Rewards and Terminations#

In RL tasks, the reward function determines “what the agent wants”, while termination conditions define “when an episode ends”. This chapter uses the classic CartPole example to show how to define and configure them in mjlab.

Reward function#

Rewards are managed by RewardManager. A reward is a set of terms, each with a weight.

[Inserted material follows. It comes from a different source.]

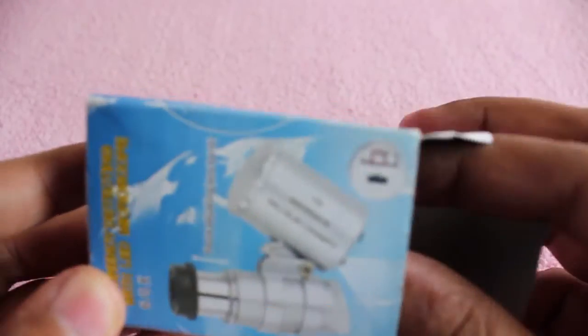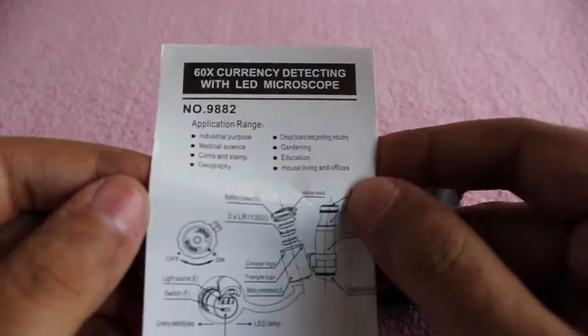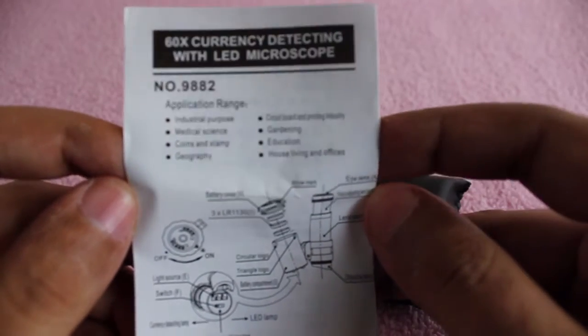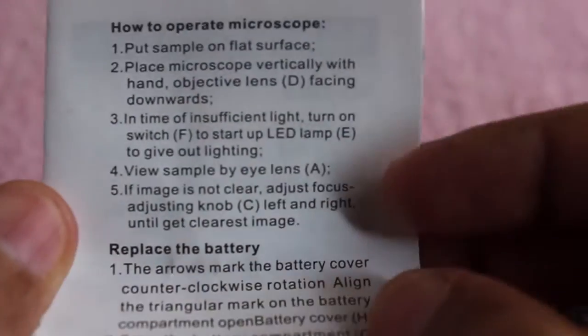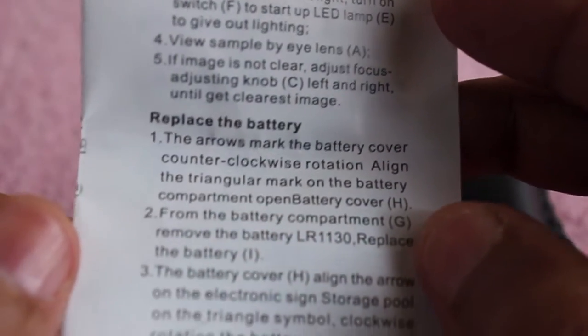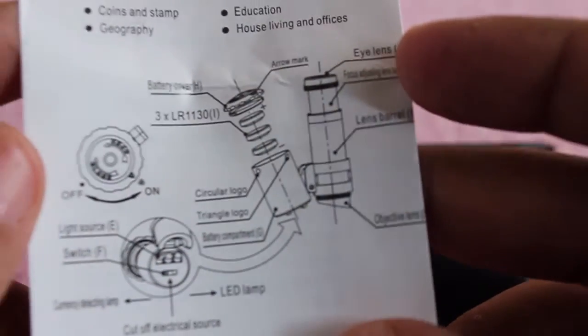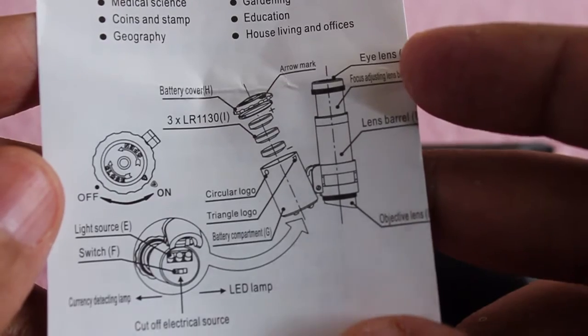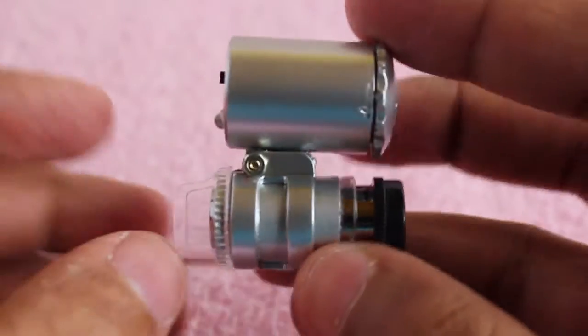For that you get a small microscope with a manual that has all the details on how it works. It runs on three small watch batteries, and those are the details of the batteries and the actual device — as you can see, it's quite portable.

The final reward is the weighted sum of all terms.

Example CartPole reward structure:

  1. Staying upright: the smaller the pole tilt angle, the higher the reward.

  2. Position penalty: give negative reward when the cart approaches the edge of the track.

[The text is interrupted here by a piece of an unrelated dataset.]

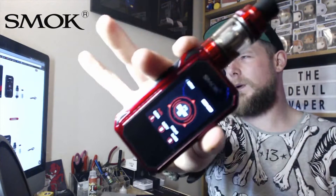Hello fellow vapers and welcome to the Devil Vapor vape reviews. Today we'll be looking at the Smok G-Priv 2 kit, kindly supplied by the people at Smok and EC Click. Please keep an eye on this review and on social media for the written review on EC Click as well.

# Reward configuration in env cfg
rewards = {
    "stay_upright": RewardTermCfg(
        func=mdp.upright_reward,  # staying upright
        weight=1.0,
        params={"std": 0.2},
    ),
    "cart_pos_penalty": RewardTermCfg(
        func=mdp.cart_position_penalty,  # position penalty
        weight=-0.1,
        params={"threshold": 2.0},
    ),
}

How to implement a custom reward#

A reward term is usually a Python function that takes env plus custom parameters.

# file: src/mjlab/tasks/cartpole/mdp/rewards.py
import torch

def upright_reward(env, std: float):
    # Get the pole's up direction (assume the pole belongs to the "robot" entity)
    # This demonstrates how to read data from the scene.
    pole_quat = env.scene["robot"].data.body_quat[:, pole_id]
    # ... compute angle to vertical ...
    # Return a tensor of shape (num_envs,)
    return torch.exp(-angle**2 / std**2)

Termination conditions#

Terminations are managed by TerminationManager. If any termination term returns True, that env will be reset.

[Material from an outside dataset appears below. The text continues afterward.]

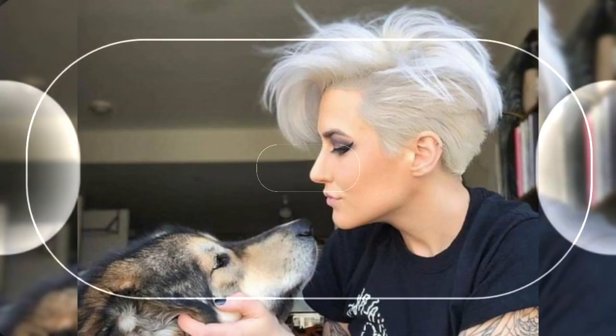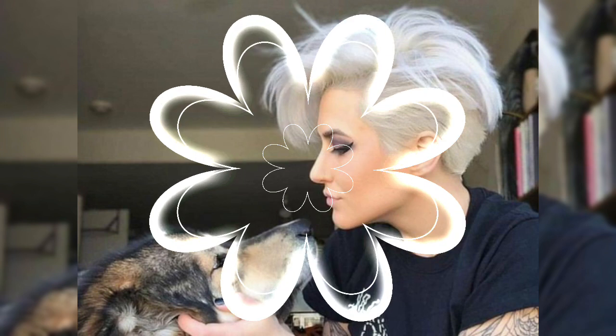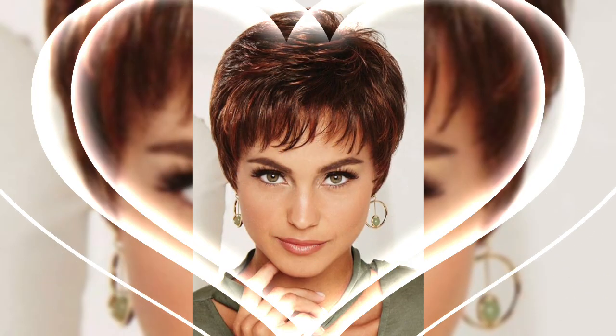Assalamu alaikum viewers, welcome back to my YouTube channel. My dear friends and beautiful ladies, how are you? I hope you are all fine and doing well. I have many prayers for you — may Allah give you happiness and success.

Example CartPole terminations:

  1. Pole falls over: tilt angle exceeds a threshold (e.g., 15 degrees).

  2. Out of bounds: cart position exceeds the track limit (e.g., 2.4 meters).

  3. Time limit: reach the maximum episode steps/time.

# Termination configuration in env cfg
terminations = {
    "pole_fell": TerminationTermCfg(
        func=mdp.pole_tilt_limit,
        params={"limit_angle": 15.0},
    ),
    "out_of_bounds": TerminationTermCfg(
        func=mdp.cart_out_of_bounds,
        params={"limit_dist": 2.4},
    ),
    "time_out": TerminationTermCfg(
        func=mdp.time_out,  # built-in
        time_out=True,      # mark as truncated, not failure terminated
    ),
}

How to configure the termination manager#

In ManagerBasedRlEnvCfg, you just assign the dict to terminations. The manager will call the terms each step and aggregate them into a boolean vector.

@dataclass
class CartPoleEnvCfg(ManagerBasedRlEnvCfg):
    # ... other fields ...
    rewards: dict[str, RewardTermCfg] = rewards
    terminations: dict[str, TerminationTermCfg] = terminations

Key notes:

  • Terminated vs truncated: terms with time_out=True mark the env as “truncated”. This is important for PPO-style value bootstrapping. “Pole fell” is a true “terminated”.

  • Vectorization: reward/termination functions should be fully vectorized (take env, return a tensor of length num_envs).